[Tutor] timeit() help

Fri Dec 16 11:02:30 CET 2011

Robert Sjoblom wrote:
> So, it turns out that my ISP blocked Project Euler, so instead of
> working on my next problem, I polished Problem 4 a bit:

Your ISP blocked Project Euler????

More likely the site is just temporarily down, but if you're right, what on 
earth would they block Project Euler for???

> My biggest problem now is that I don't know how to measure any changes
> in efficiency. I know that the functions are working perfectly fine
> as-is, and I shouldn't really optimize without a need to, but I'm
> mostly curious as to whether the check_value() function is worth it or
> not. To this I thought I'd use timeit(), but I can't for the life of
> me work out how it works.

It would help if you show us what you have tried, and the result you get, 
rather than just give us a vague "it doesn't work".

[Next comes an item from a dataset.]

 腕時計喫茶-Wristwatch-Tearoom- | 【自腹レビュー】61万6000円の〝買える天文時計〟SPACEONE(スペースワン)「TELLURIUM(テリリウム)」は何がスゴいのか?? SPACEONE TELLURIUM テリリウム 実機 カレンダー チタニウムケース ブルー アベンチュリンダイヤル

But for what it's worth, here's some examples of using timeit.

Is the built-in sum() function faster than one I write myself? I want to test 
this at the interactive interpreter, so I use the Timer class from the timeit 
module.

Normally you will give Timer two arguments: the first is the code to be timed, 
the second is the setup code. The setup code gets run once per test; the code 
to be timed can be run as many times as you like.

 >>> def my_sum(numbers):
...     total = 0
...     for x in numbers:
...             total += x
...     return x
...
 >>> from timeit import Timer
 >>> t1 = Timer('sum(mylist)', 'mylist = [2*i + 5 for i in range(100)]')
 >>> t2 = Timer('my_sum(mylist)',
...     'from __main__ import my_sum; mylist = [2*i + 5 for i in range(100)]')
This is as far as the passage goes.